Define the decay constant of a radioactive isotope.

Show that the decay constant \(\lambda \) is related to the half-life \({T_{\frac{1}{2}}}\) by the expression

\[\lambda {T_{\frac{1}{2}}} = \ln 2.\]

Strontium-90 is a radioactive isotope with a half-life of 28 years. Calculate the time taken for 65% of the strontium-90 nuclei in a sample of the isotope to decay.

probability of decay (of a nucleus) per unit time;

Accept \(\frac{A}{N}\) with symbols defined.

\(N = {N_0}{{\text{e}}^{ - \lambda t}}\) and \(N = \frac{{{N_0}}}{2}\) when \(t = {T_{\frac{1}{2}}}\)\(\,\,\,\)or\(\,\,\,\)\(\frac{{{N_0}}}{2} = {N_0}{{\text{e}}^{ - \lambda {T_{\frac{1}{2}}}}}\);

\(\frac{1}{2} = {{\text{e}}^{ - \lambda {T_{\frac{1}{2}}}}}\)\(\,\,\,\)or\(\,\,\,\)\(2 = {{\text{e}}^{\lambda {T_{\frac{1}{2}}}}}\);

\(\left( {{\text{so }}\ln 2 = \lambda {T_{\frac{1}{2}}}} \right)\)

Answer given, award marks for correct working only.

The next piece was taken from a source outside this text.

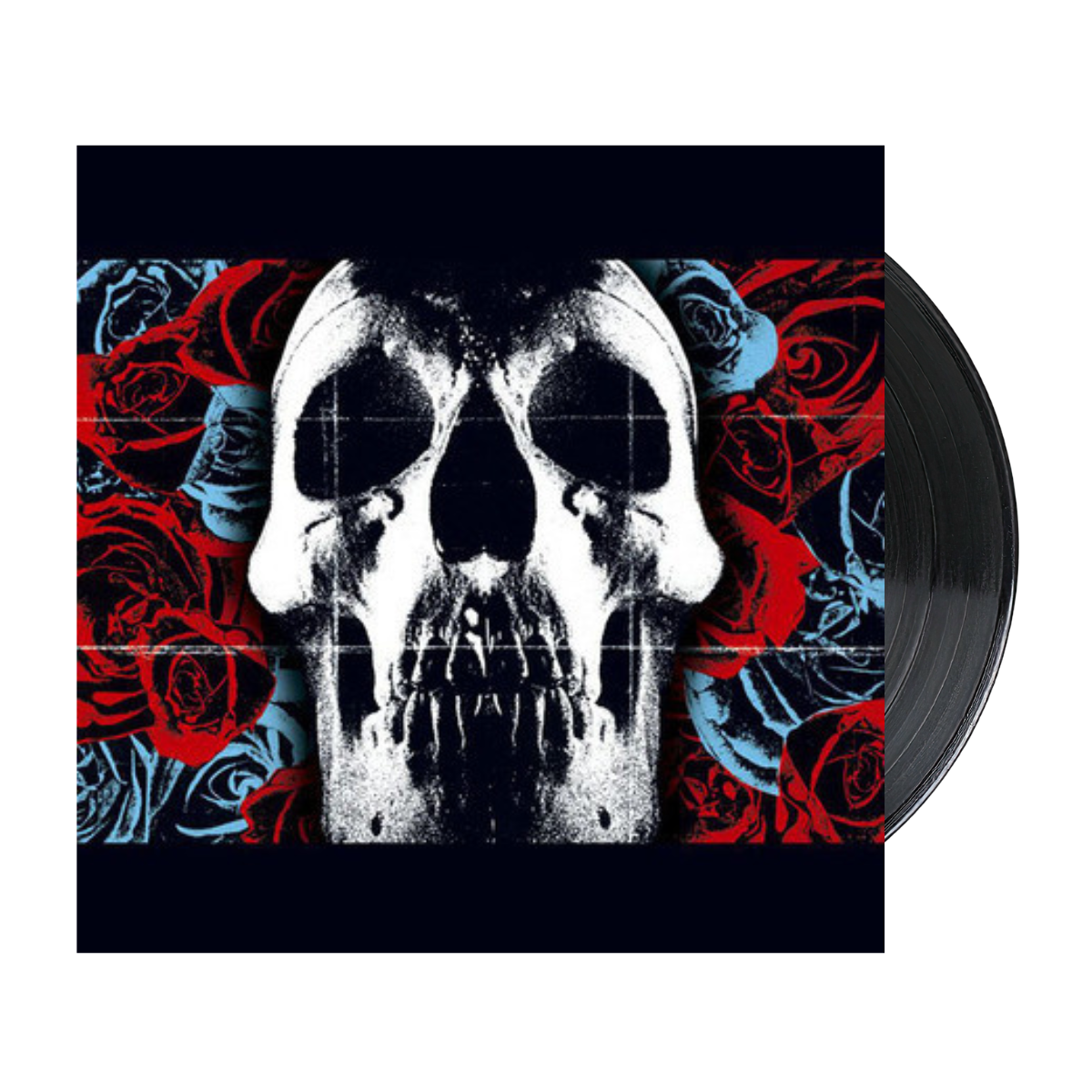 Deftones - Deftones Vinyl LP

\(\lambda  = \frac{{\ln 2}}{{28}}\)\(\,\,\,\)or\(\,\,\,\)\(0.025\left( {{{\text{y}}^{ - 1}}} \right]\);

\(0.35 = {{\text{e}}^{ - 0.025t}}\);

\(t = 42{\text{ (years)}}\);

Award [3] for a bald correct answer.

Award [2 max] for an answer of 17 years (using 0.65 instead of 0.35).

or

\(0.35 = {\left[ {\frac{1}{2}} \right]^x}\) where \(x = \frac{t}{{{T_{\frac{1}{2}}}}}\);

\(\frac{t}{{{T_{\frac{1}{2}}}}} = 1.5\);

\(t = 42{\text{ (years)}}\);

Award [3] for a bald correct answer.

Award [2 max] for an answer of 17 years (using 0.65 instead of 0.35).

(a) was an easy mark.

In (b) about half of the candidates could derive the relationship between half-life and decay constant, but many were completely lost.

The half-life calculation in (c) was generally well done, but a common mistake was to use 0.65 as the fraction remaining.